At the same time, malevolent forces seem to be at work in items such as Tom Waits’s “Gospel Train,” a growling, stomping, raggedy track that invites listeners on board the gospel train while advising them, “don’t listen to the devil/he got ways to move you,” a bit of advice reiterated later as “Satan will fool you” in such a way as to make the news that “there’s room for one more” as suspicious and unsettling as the invite from the morgue nurse in The Twilight Zone episode “Twenty Two,” who keeps popping her head out the door to coo “Room for one more, honey” to a protagonist who can‘t figure out if she’s dreaming or awake. And if you really want an A/B test of the afterlife, consider Nick Cave’s “God’s Hotel,” wherein amidst a sludgy, swirling ambiance Butler revisits his Waitsian growl of a vocal in a song that devolves from assurances that “everyone’s got a room/wings/harp” and “everybody holds a hand” in God’s hotel to “everybody is blind/dumb/deaf,” which renders the more reassuring “everybody plays piano” and “everybody got heaven” ever more suspicious, especially when Butler changes Cave’s wry twist of an ending (“You’ll never see a sign scribbled on that toilet wall/sayin’ ‘Rosy, you’ll get your heaven, dial 686 444’”) to a chilling query: “Will you meet me there?
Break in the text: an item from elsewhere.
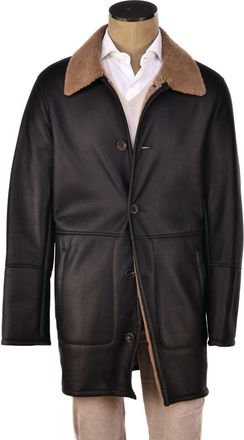 Hettabretz Isa Midnight Brown Leather Shearling Overcoat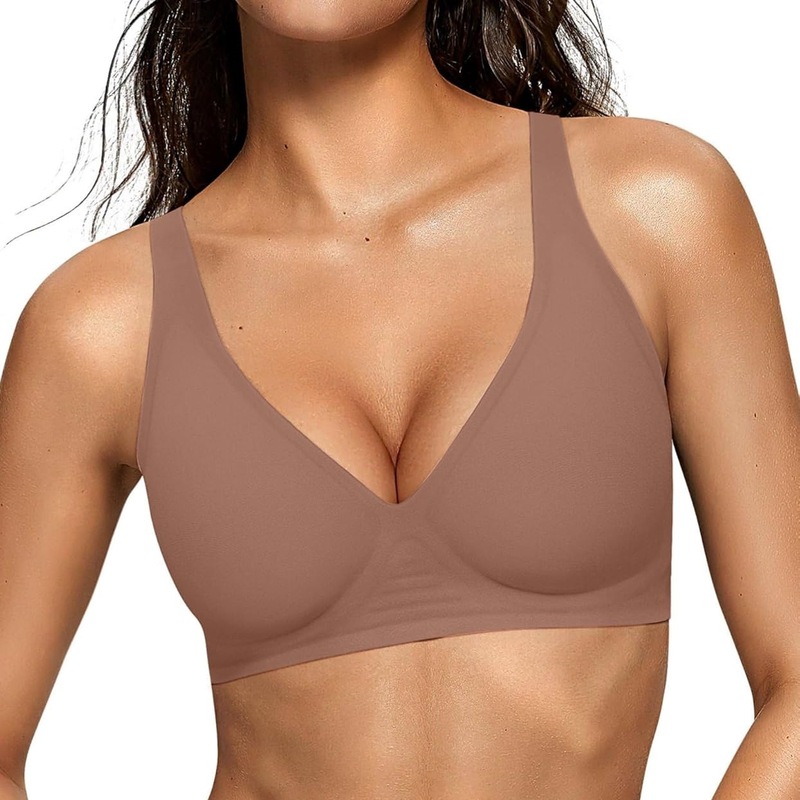 OEAK 女性のディープ V ブラジャーノンワイヤー快適なブラジャーサポートノンワイヤーブラジャー Tシャツプッシュアップブラジャー|undefined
I’ll be in the room waitin’ on you…” In other words, “room for one more, honey.”

Eliza Gilkyson’s ‘Sanctuary,’ from Sam Butler’s Raise Your Hands!

Get thee then to “Sanctuary,” and to some semblance of revelation and safe haven all at once. Sam Butler certainly knows the Lord and man, and understands how we do continuous battle with our demons. Getting to “Sanctuary”–a journey unsuited to the faint of heart—seems a route designed to remind the doubters in their gloom and the cynics in their sneering mien of what the Book of Isaiah tells us in Chapter 48, verse 10: “Behold, I have refined you, but not as silver; I have tested you in the furnace of affliction.” Selah. Which is another way of saying, “Raise your hands!”